**What the task asks**
Your reply should reproduce the data below without a single alteration, apart from dropping the images.

**Data provided**
====
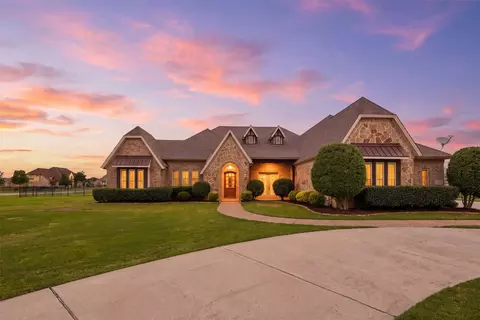 1816 Chatfield Ln, Lucas, TX 75002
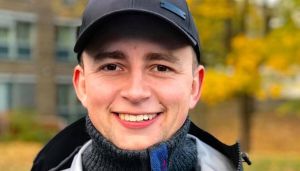 Bibelen er full av profetier som advarer, dømmer og skaper frykt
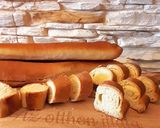 Gubarúd, az isteni mákos gubához recept fázis 7 fotója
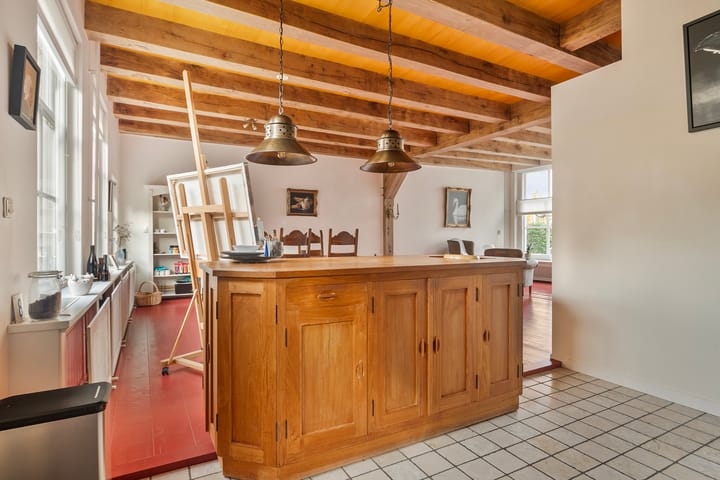 Foto 21 van Bellinkstraat 6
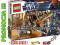 LEGO STAR WARS 9491 GEONOSIAN CANNON + GRATIS !!!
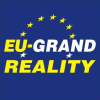 Realitní kancelář - EU - GRAND REALITY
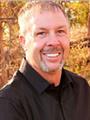 Steven M Deaton - Dentist in Hugo, OK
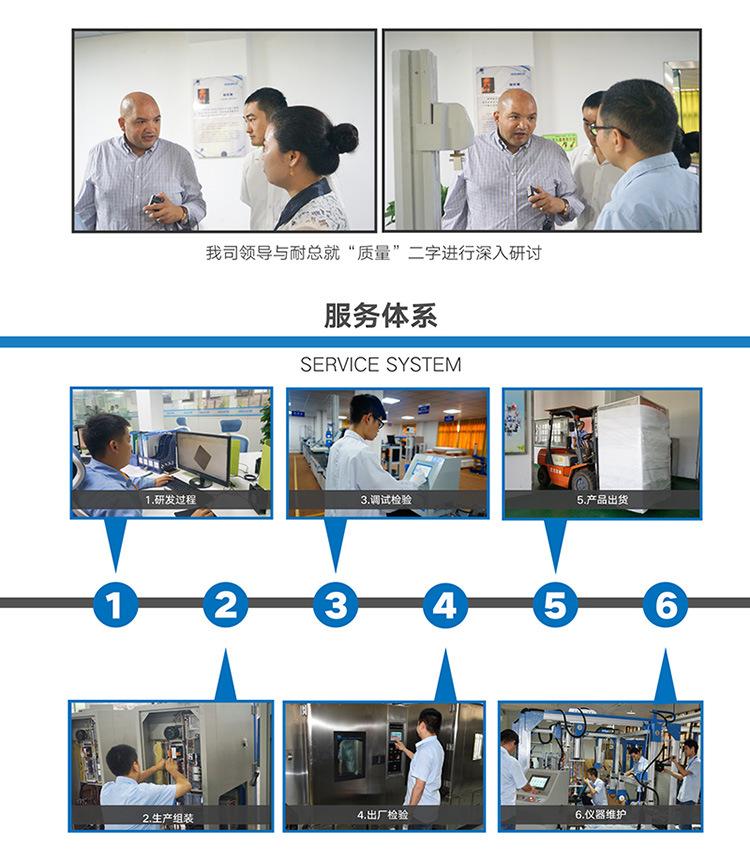 海达 邵氏硬度计 硫化橡胶塑胶制品硬度测试仪 台式邵氏硬度计6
====
**Response box**
 1816 Chatfield Ln, Lucas, TX 75002
 Bibelen er full av profetier som advarer, dømmer og skaper frykt
 Gubarúd, az isteni mákos gubához recept fázis 7 fotója
 Foto 21 van Bellinkstraat 6
 LEGO STAR WARS 9491 GEONOSIAN CANNON + GRATIS !!!
 Realitní kancelář - EU - GRAND REALITY
 Steven M Deaton - Dentist in Hugo, OK
 海达 邵氏硬度计 硫化橡胶塑胶制品硬度测试仪 台式邵氏硬度计6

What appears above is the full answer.